Qwen3.5-397B REAP vs Vanilla: A 5-Test Local Benchmark
March 28, 2026
The REAP agentic fine-tune of Qwen3.5-397B promises better tool use and instruction following. We put it head-to-head against the vanilla model on a Mac Studio M3 Ultra. It started badly before we even ran a single prompt.
The Contenders
Vanilla: mlx-community/Qwen3.5-397B-A17B-4bit — the standard MLX 4-bit quantized version of Qwen3.5-397B-A17B. 397B total parameters, 17B active (MoE architecture). This is our current daily driver for local inference on the Mac Studio.
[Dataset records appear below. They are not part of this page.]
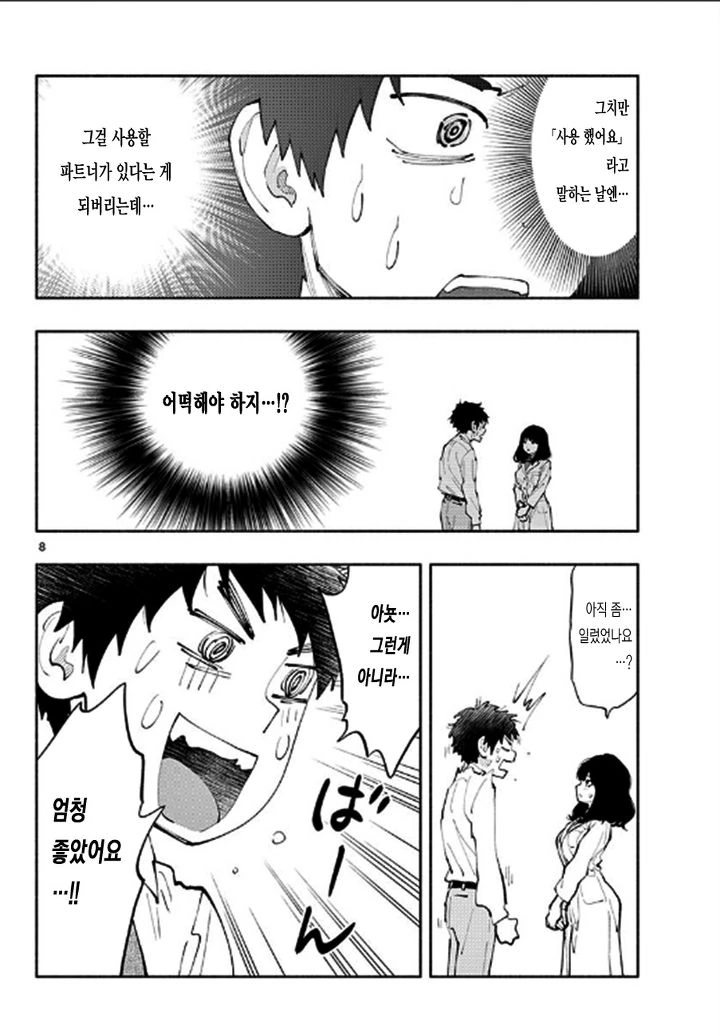 manga_910646_021_3e94a48ca8c1.webp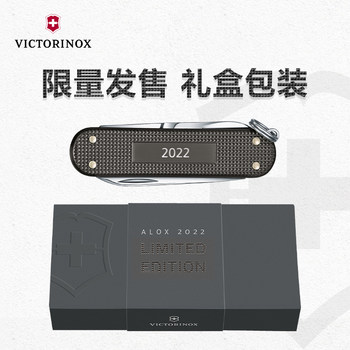 Victorinox Swiss Army Knife 2022 Aluminum Model Gift Box Limited Edition Thunder Color 58mm Swiss Sergeant Knife Swiss Knife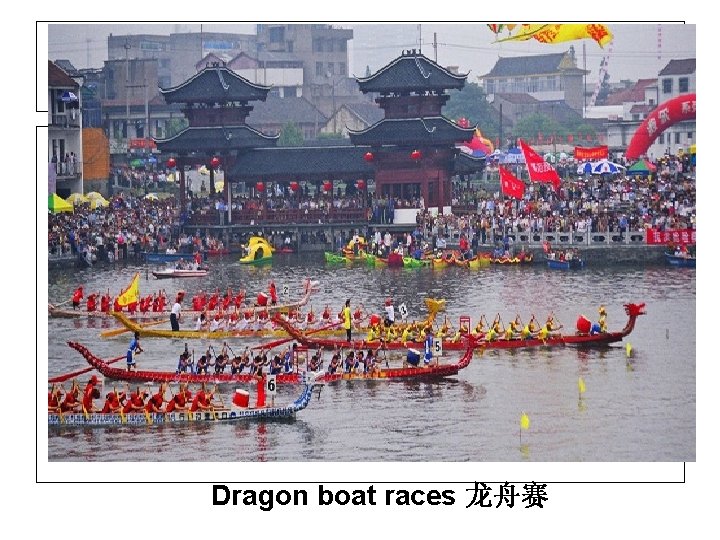 Dragon boat races 龙舟赛 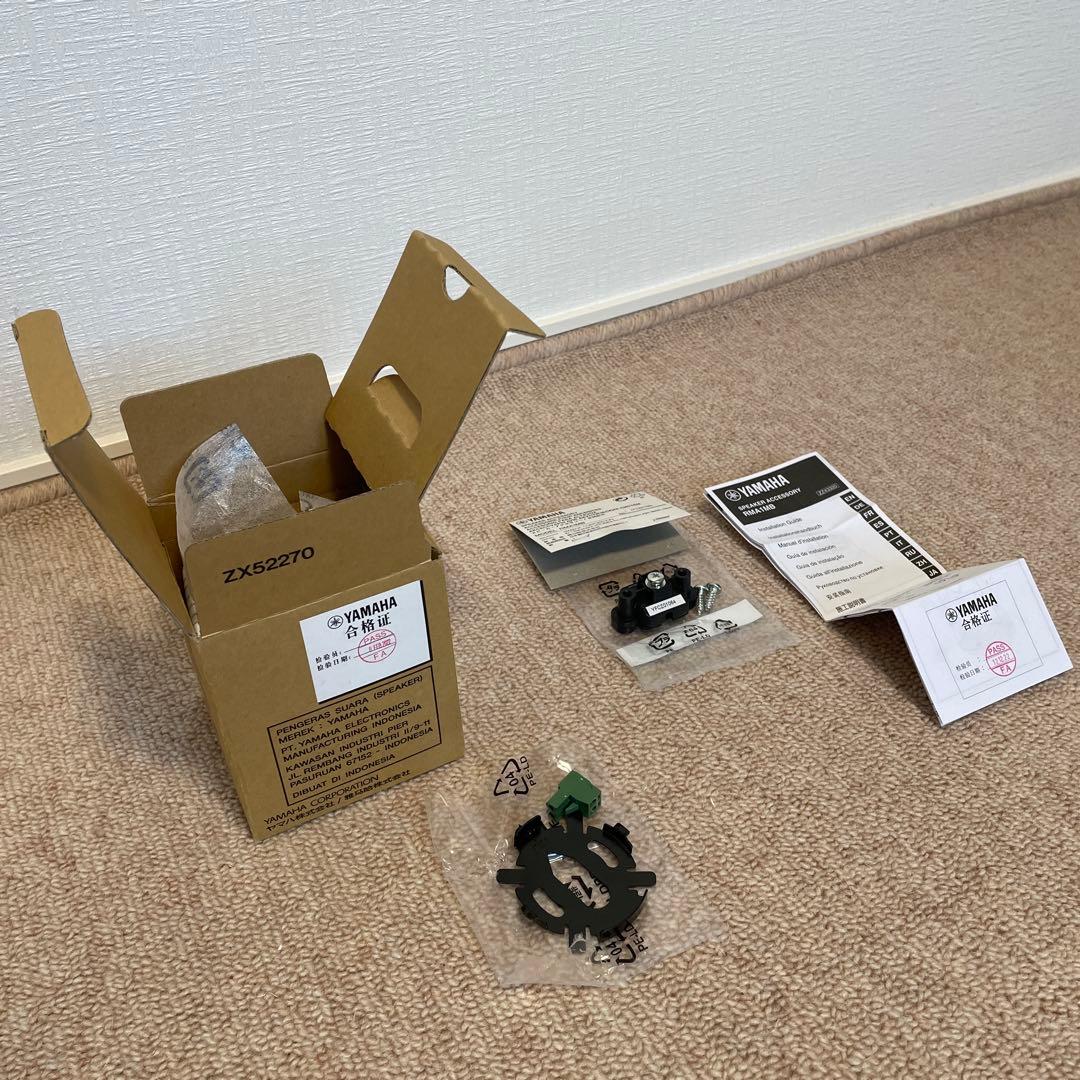 【未使用】YAMAHA ヤマハ スピーカーVXS1MLW 【アダプターおまけ】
REAP: dealignai/Qwen3.5-397B-A17B-4bit-MLX-REAP — a fine-tune from dealignai targeting agentic task performance. "REAP" stands for Reasoning-Enhanced Agentic Protocol. Same base model, same 4-bit MLX quantization, but trained on agentic task data to improve tool calling and multi-step reasoning.
Both running locally on a Mac Studio M3 Ultra with 512GB unified memory. No API calls, no cloud, no rate limits.
First Problem: LM Studio Refused to Load REAP
Before we ran a single test, REAP hit a wall. Dropped it into LM Studio and got:
Unsupported safetensors format: null
LM Studio 0.3.x doesn't support the qwen3_5_moe architecture that REAP uses. The vanilla model loads fine because it's on LM Studio's supported list — REAP isn't.
We also needed to update mlx-lm from 0.30.5 to 0.31.1 before the model would run at all via CLI. Version 0.30.5 threw:
ModuleNotFoundError: No module named 'mlx_lm.models.qwen3_5_moe'
So if you're trying to run REAP: you need mlx-lm ≥ 0.31.1 and you'll have to use the CLI directly. LM Studio support may come later. Note that upgrading mlx-lm will break mlx-audio (it pins to 0.30.5), so keep that in mind if you're running audio pipelines.
Once that was sorted, REAP loaded in ~22 seconds and ran fine via Python.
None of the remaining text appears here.